You might as well just use the same user name and password for everything.
That's more insecure than federated single sign on. If a specific system is compromised, the credentials are not in a federated single sign on solution. It also means that when you revoke a single user's access, all their access is removed in a federated single sign on solution. If you give a user access, their access is automatically available at all the systems they're meant to have access to in a federated single sign on solution. If you want to have auditing of access, a federated single sign on solution makes this very simple, while trying to audit across many systems with different user databases can be quite difficult etc.
Odd, my post here disappeared... I'll just rewrite it.
It sounds like a very small minority would get into trouble with this.
You never even bothered verifying that this software has this issue, if you even bothered, you would realize that a lot of other sign on solutions are at risk too. Instead you waste everyone's time, noh8rz10. You even wasted the reader's time by not bothering to verify anything here.
I'm having to add to my examples because you changed the requirements, I felt something that really personally effects me was sufficient because you didn't bother posting your requirement where this is meant to effect some wide spread amount of users. So fine, I will humour you and tell you one more but this is the last time I accept your moving of goal posts in this conversation. But you have wasted my time too, noh8rz10.
Posting YouTube comments will not work without 3rd party cookies and you can bet there are plenty of other websites that have similar issues.
As I see it now, I have now fulfilled your prerequisite of:
Please demonstrate any problems with default 3rd party blocking, other than advertising and tracking. Specific sites and examples.
everyone else benefits from advanced protection
This is not advanced protection, this is a very simple protection, something that even existed in the 90s. In fact, it was disabled by default because it broke single sign on systems from Yahoo and broke certain embedding of content. You're claims are just going to lead people into a false sense of security. The reality is that someone whom wants to be nefarious can still track people using other methods, off the top of my head... Storing identifiers in RGB values through HTML5 canvas, storing identifiers through HTML5 session storage, storing identifiers through HTML5 local storage, storing identifiers through HTML5 global storage, storing identifiers through HTML5 database storage, storing identifiers through userData storage, storing identifiers through window.name caching, soring idenfitiers through Local Shared Objects, storing identifiers through isolated storage, storing identifiers through web history, storing identifiers through etags, storing identifiers through web cache, storing identifiers throughg HTTP authentication caching, verifying identity through font availability and plugin setup. And that's just the stuff I remember off the top of my head to track someone through webbrowsers using more nefarious methods.

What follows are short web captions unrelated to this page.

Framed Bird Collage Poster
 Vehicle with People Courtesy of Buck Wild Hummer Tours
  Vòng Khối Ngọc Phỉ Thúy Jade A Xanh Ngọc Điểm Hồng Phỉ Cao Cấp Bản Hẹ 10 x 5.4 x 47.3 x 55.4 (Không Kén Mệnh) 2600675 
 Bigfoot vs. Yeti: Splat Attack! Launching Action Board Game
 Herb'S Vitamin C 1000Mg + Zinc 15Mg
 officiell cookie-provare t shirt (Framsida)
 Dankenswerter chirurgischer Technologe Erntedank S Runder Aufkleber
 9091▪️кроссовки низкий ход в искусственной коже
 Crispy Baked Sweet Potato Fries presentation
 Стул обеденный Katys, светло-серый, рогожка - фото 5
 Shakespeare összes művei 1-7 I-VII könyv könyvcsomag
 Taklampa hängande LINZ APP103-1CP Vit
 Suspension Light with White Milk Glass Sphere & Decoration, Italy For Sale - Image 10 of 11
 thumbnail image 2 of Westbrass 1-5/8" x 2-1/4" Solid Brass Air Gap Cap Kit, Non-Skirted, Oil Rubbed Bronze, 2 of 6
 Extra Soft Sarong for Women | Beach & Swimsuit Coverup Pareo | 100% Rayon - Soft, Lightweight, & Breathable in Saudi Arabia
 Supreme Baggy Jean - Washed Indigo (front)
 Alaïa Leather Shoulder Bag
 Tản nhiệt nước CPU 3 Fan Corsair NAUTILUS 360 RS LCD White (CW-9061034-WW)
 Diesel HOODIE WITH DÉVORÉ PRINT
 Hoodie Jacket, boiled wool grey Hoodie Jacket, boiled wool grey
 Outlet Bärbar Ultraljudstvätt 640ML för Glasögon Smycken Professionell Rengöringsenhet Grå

Safari does it right; this is why google had to hack the browsers.
Safari does this right.. By setting a false sense of security and then adding a feature where website owners can override the setting by telling the browser "yeah, you can trust me"... Yeah, no.
examples! real examples that apply to the world
Organisations that use single sign on solutions like: https://www.atlassian.com/software/crowd/overview
not just your private project
My project isn't private, I'm just not mentioning the name because Slashdotters frown upon advertising.
He who steps on others to reach the top has good balance.